The problem with most criminal justice systems when it comes to dealing with dangerous people – including determinate or so-called truth in sentencing systems – is that some dangerous people are released too soon while others who aren’t dangerous or who are no longer dangerous are kept in prison too long, so long that continued imprisonment becomes counterproductive, as well as morally and fiscally indefensible.
People sent to prison should be kept there for as long as they’re dangerous, but no longer. That means the time of their release should be determined by their mindset, by their behavior in prison, and progress toward being eligible for release as determined through an ongoing process of threat assessment. And when release does come, it should be conditional, requiring a long period of good behavior.
Age is an especially important factor in assessing the dangerousness of youthful offenders as they age and mature. By law, young people are recognized as adults at age 18, but emerging science about brain development shows that most people don’t actually reach full maturity until about age 25. Before that, during teen years and early 20’s, an age bracket sometimes referred to as emerging adults, people, particularly males, are far more prone to reckless and dangerous behavior than at age 25 when their risk management and their long-term planning abilities have kicked in. While individual cases vary, as a general rule there may be little if any practical public safety benefit to long-term incarceration of fully matured adults for offenses committed in their youth.
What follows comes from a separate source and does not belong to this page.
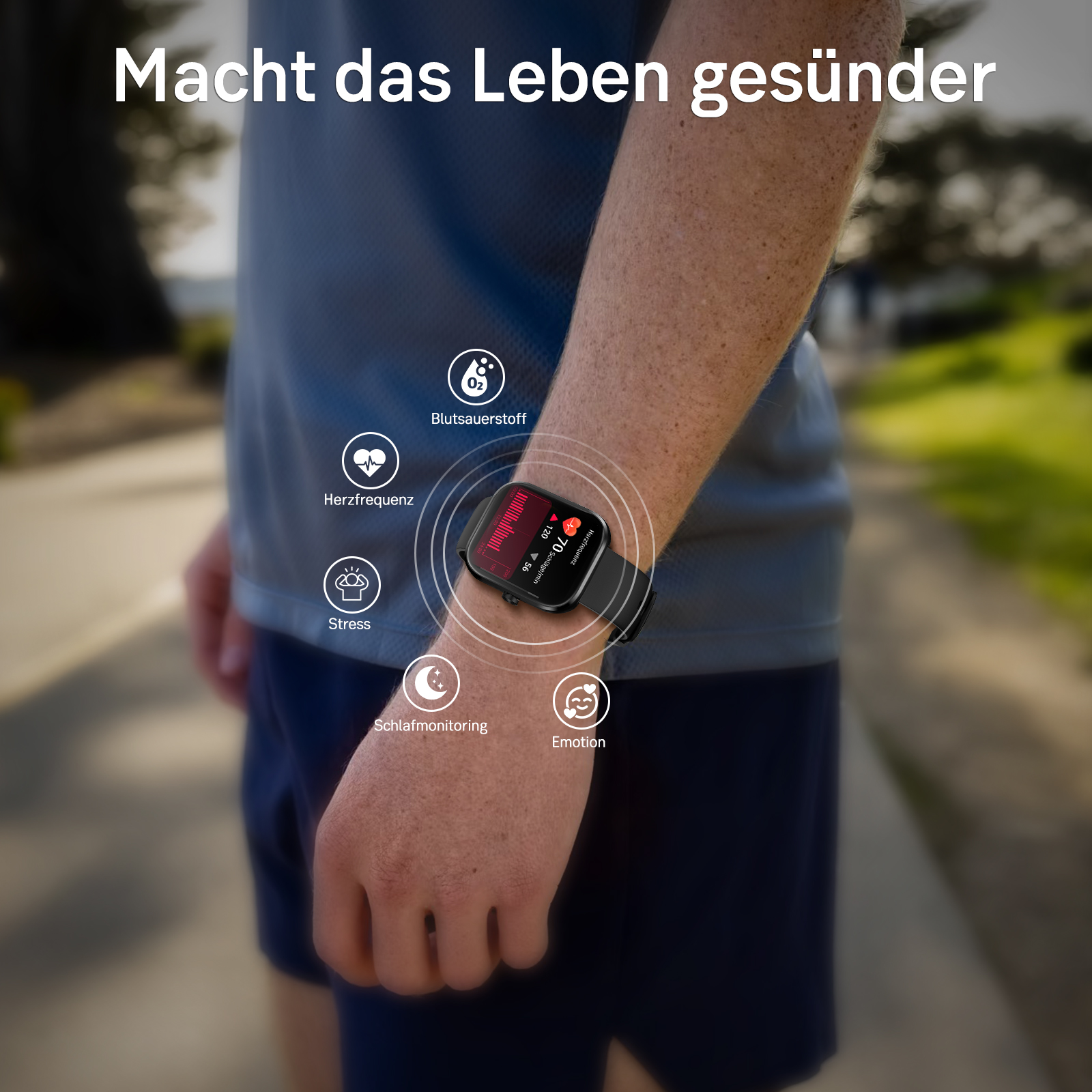 Smartwatch am Arm zeigt Herzfrequenz, Blutsauerstoff, Stress, Schlaf & Emotion.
But our overuse of prison is even more dramatically evident in light of the fact that most people sent to prison wouldn’t be considered by any reasonable standard to be dangerous in the first place. Rather, they’re sent to prison as punishment, not because of a public safety need for incapacitation. They’re sent to prison to teach them a lesson, but what lessons can we reasonably expect them to learn by sending them to crime college?
So, here’s that second dose of reality.
In 2018, while I was Director of Public Safety Policy in the Illinois Governor’s Office, I asked our Department of Corrections to provide me with the median time inmates spent in their custody. Not the mean time, which is average time, which can be misleading because it’s skewed upward by those serving long sentences. What I wanted to know was the median time, meaning the mid-point, the hinge point, the length of time at which half the prison population spends less and half spend more time in prison.
The answer? In fiscal year 2018 the median time inmates spent in prison was only 8 months.
Fully half the Illinois prison population spent only 8 months or less in prison—at huge taxpayer expense, the true costs of which are calculated by the Illinois Sentencing Policy Advisory Council (or SPAC) to be almost $70,000 per inmate per year.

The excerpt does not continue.